▶ **Task objective**:
Although the listing contains pictures, reproduce only its text, exactly as written.

▶ **Dataset section**:
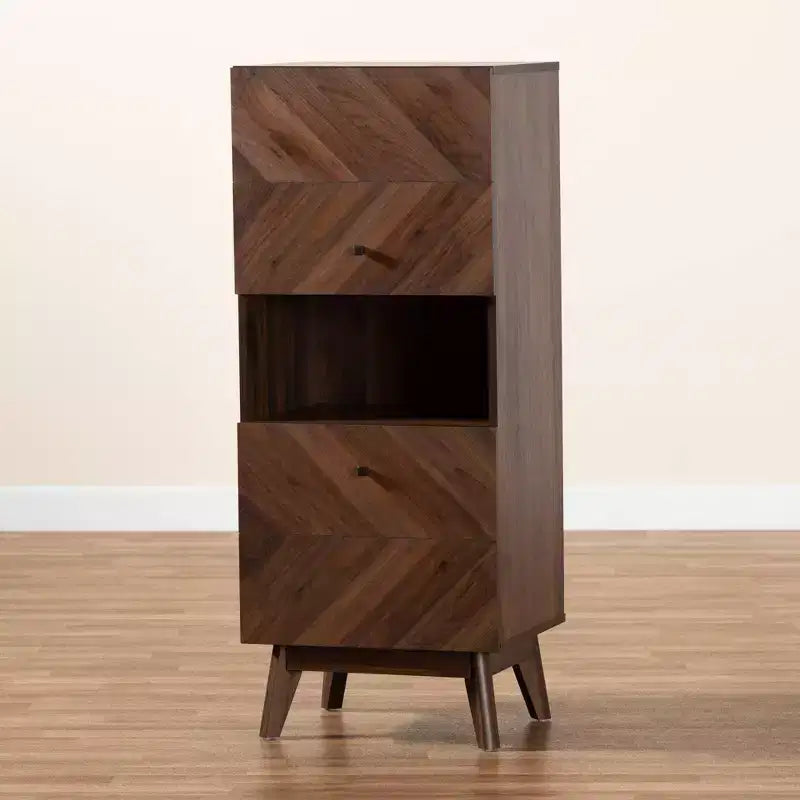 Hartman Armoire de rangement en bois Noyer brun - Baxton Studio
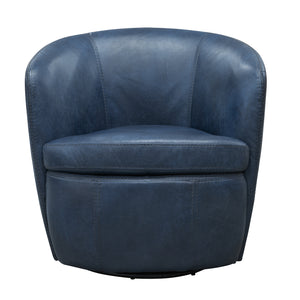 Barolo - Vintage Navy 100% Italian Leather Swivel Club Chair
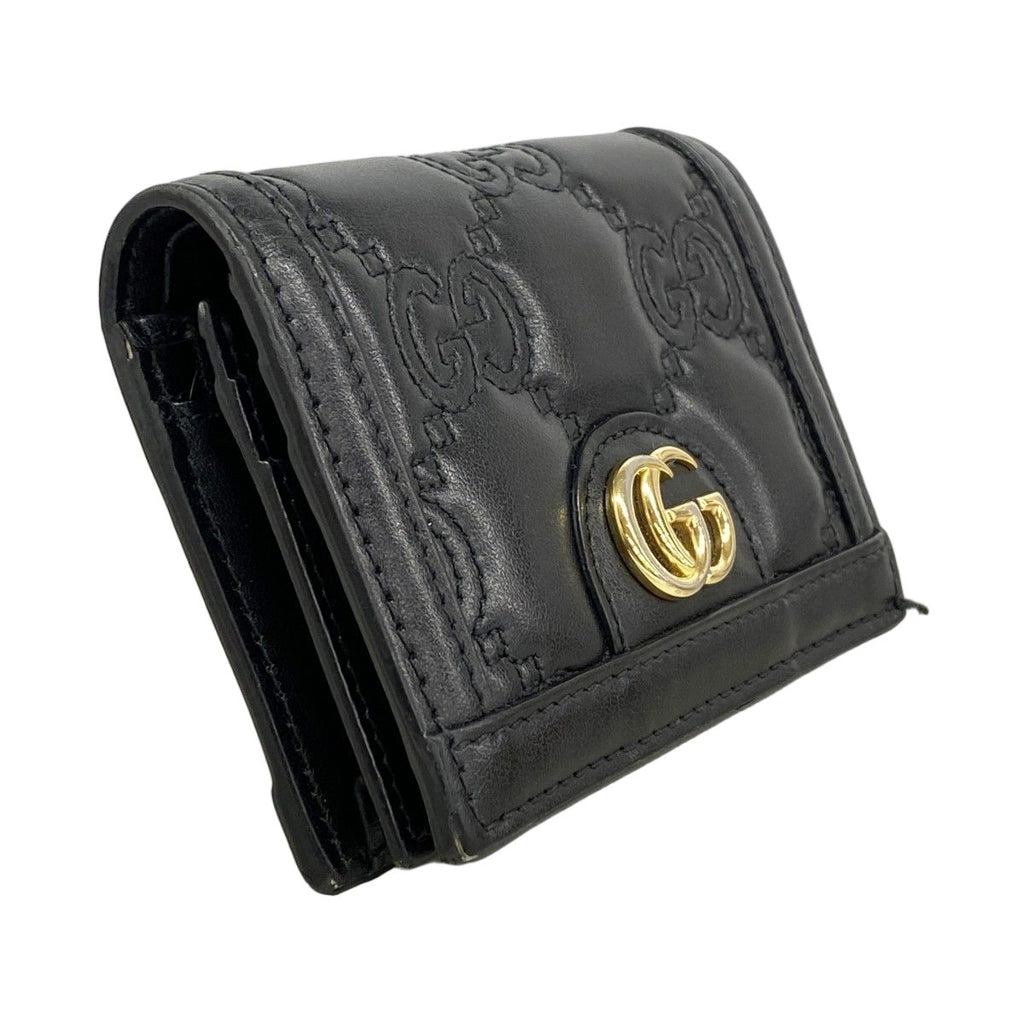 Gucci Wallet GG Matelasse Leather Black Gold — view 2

▶ **Written response**:
 Hartman Armoire de rangement en bois Noyer brun - Baxton Studio
 Barolo - Vintage Navy 100% Italian Leather Swivel Club Chair
 Gucci Wallet GG Matelasse Leather Black Gold — view 2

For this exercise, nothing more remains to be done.